I've been thinking a lot about what it is about relationships that have ended like the last two that irritates/hurts/confuses me the most. I think it's how you can share intimate moments with someone and then just completely cut them out of your life like they never existed. It's just beyond me how you can claim to care for someone, even love them, and then, as the old expression goes, "drop them like a hot potato."

Are people really this detached from emotion? Yes, I have cut people out of my life on many occasions, but it was always immensely painful, regardless of what they did to me to deserve to get the boot. And I rarely have been able to just throw the killswitch to relationships (friendships & romantic relationships included) and cease all communication. I'm just not that kind of person. When someone becomes a part of my life, I pretty much hope they'll stay there in some capacity forever. I'm friends with almost all of my exes, which is strange for some people, but it's just something I've always been able to handle...after enough time goes by to allow me to adequately heal from the departure.

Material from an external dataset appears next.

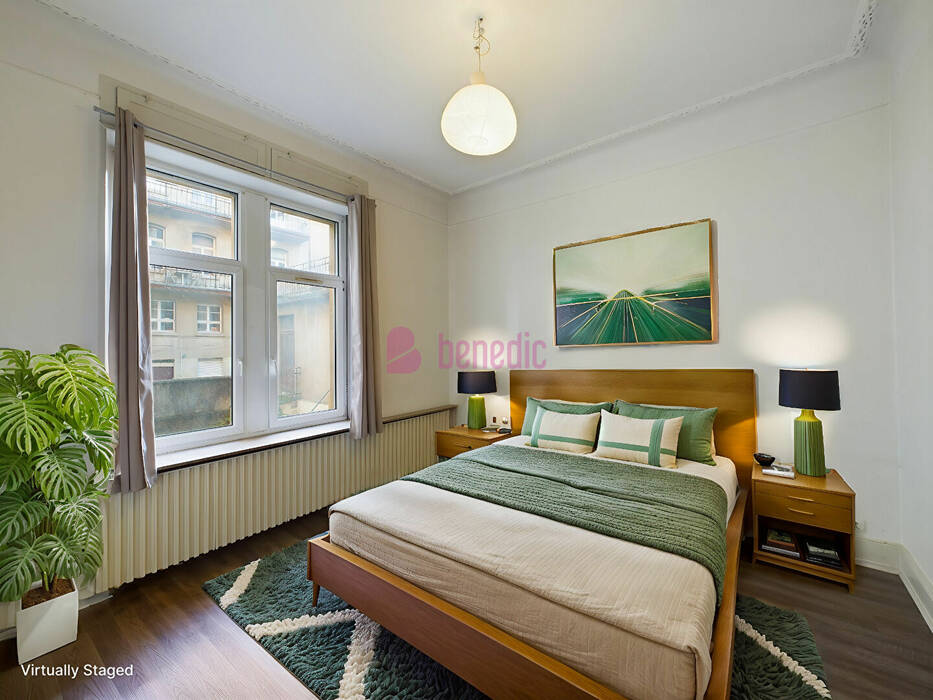 4255415r - Attribut alt par défaut.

I love more deeply than most, which means when I get hurt, I hurt more deeply than most. It's a blessing and a curse, but I would rather hurt more knowing that I loved greatly than to go through life with such a coldness or a skewed perception of emotion that I am capable of just letting someone go at the drop of a hat.

Someone is out there who will allow me to lay all my cards out on the table and who will then lay out all of his, let me into his world, be ready to love, and allow me to love him like he's never been loved before. He exists. Somewhere.